The administration has tried to square the circle of their policies by framing their orientation as “America First,” a program announced by Trump with rhetorical gaudiness reminiscent of Stalin or Mussolini: “We will no longer surrender this country or its people to the false song of globalism. The nation-state remains the true foundation for happiness and harmony.” The two components of this policy are simple: “I will never sent our finest into battle unless necessary, and I mean absolutely necessary, and will only do so if we have a plan for victory with a capital V.” These tenets simultaneously feed into a nationalist chauvinism – implying that the Bush-Obama wars have been experienced as social-moral rupture because of some liberal globalist refusal to take the gloves off and do what must be done – while miming compassion for that chauvinism’s prime subjects, the troops themselves. Though the practical implications of being “America First” have always been deliberately vague, the aesthetic implications have (like Nixonism) have offered a resolution to the contradiction between hyper-militarized nationalism and the enormous collective trauma of wartime. The potential political power of such a resolution is terrifying and immense; Trump’s only challenge has been offering enough symbolic gestures to the ideal of “America First” to convince his base without angering his business partners in the Israeli, Saudi, Emirati, and Turkish elite who have de facto control of his foreign policy mechanism.
Over the two weeks, with the House of Representatives closing in on impeachment proceedings and his political rivals growing ever bolder, President Trump made a final desperate attempt to assert his anti-interventionist persona. On October 6, without any warning, the President took to Twitter to announce new orders for the American soldiers stationed in northwestern Syria to fight ISIS alongside the Syrian Democratic Forces, who are led by the Kurdish People’s Protection Units or YPG. His remarks (characteristically incoherent) are worth quoting at length if only to establish how desperate he is to frame himself and his policy as a substantial departure from what he (rightly and resonantly) calls “Endless Wars.”
I have held off this fight for almost 3 years, but it is time for us to get out of these Endless Wars, many of them tribal, and bring our soldiers home. WE WILL FIGHT WHERE IT IS TO OUR BENEFIT, AND ONLY FIGHT TO WIN. Turkey, Europe, Syria, Iran, Iraq, Russia, and the Kurds will now have to figure the situation out, and what to do with captured ISIS fighters in their “neighborhood.”…We are 7000 miles away and will crush ISIS again if they come anywhere near us!

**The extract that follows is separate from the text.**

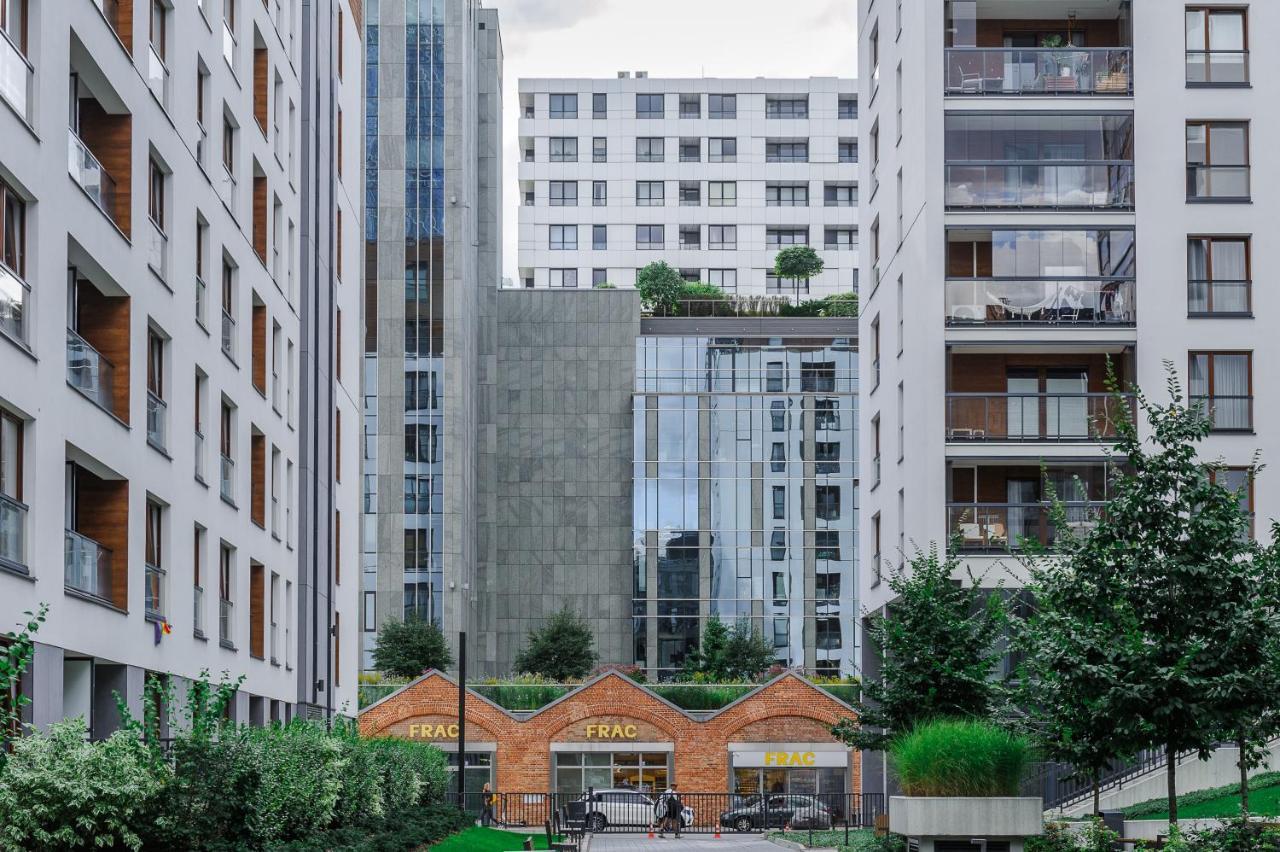 Modern Apartments With Access To The Pool Near Rondo Daszynskiego Station Varsó Kültér fotó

Immediately, chaos erupted from Washington to Syria. Reporters soon revealed that Trump tweeted without consulting his own generals after a secret phone call to Turkish President Recep Tayyip Erdoğan, a fellow NATO member and American proxy in the Syrian Civil War. Hours after American soldiers left the region, Erdoğan (as he has been threatening for decades) launched a massive air and ground invasion of the Kurdish-ruled autonomous region Rojava on the Syrian-Turkish border. The two million Kurds living in the region now must flee or face massacres – including, the possibility of being slowly burned to death by the illegal chemical weapon white phosphorus, which Turkey has now used to kill dozens of Kurdish civilians – while surviving Kurdish political leaders have been forced to turn to their long-time enemy, Syrian President Bashar al-Assad, for protection. The Free Syrian Army, a coalition of CIA-funded fundamentalist militias including former al-Qaeda factions such as al-Nusra Front, has sworn allegiance to Erdoğan, and videos have emerged of FSA forces executing Kurds on the street; they have also released their ideological compatriots, the 1,200 ISIS prisoners held in Kurdish prisons. Vice President Mike Pence (perhaps anticipating presidential responsibilities some time soon) traveled to Turkey to negotiate a ceasefire, but the deal he accomplished did nothing but legitimate Erdoğan’s bizarre claim that the Kurds are terrorists – violence continues.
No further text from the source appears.